### Your task
Your task is to reproduce the listing exactly, without its images.
START Information provided
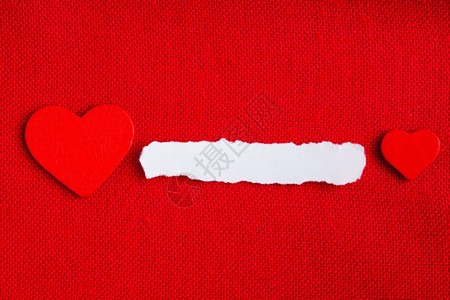 一张白纸的小块空复制间和爱的心符号在红色织物纺材料背景上情人节图片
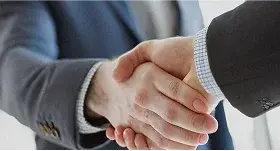 casual business handshake.webp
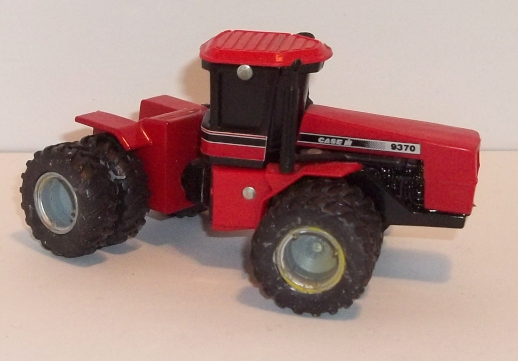 9370 red Case IH tractor with dual wheels, one-way-black-Cab windows, right-side-view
END Information provided
### Output
 一张白纸的小块空复制间和爱的心符号在红色织物纺材料背景上情人节图片
 casual business handshake.webp
 9370 red Case IH tractor with dual wheels, one-way-black-Cab windows, right-side-view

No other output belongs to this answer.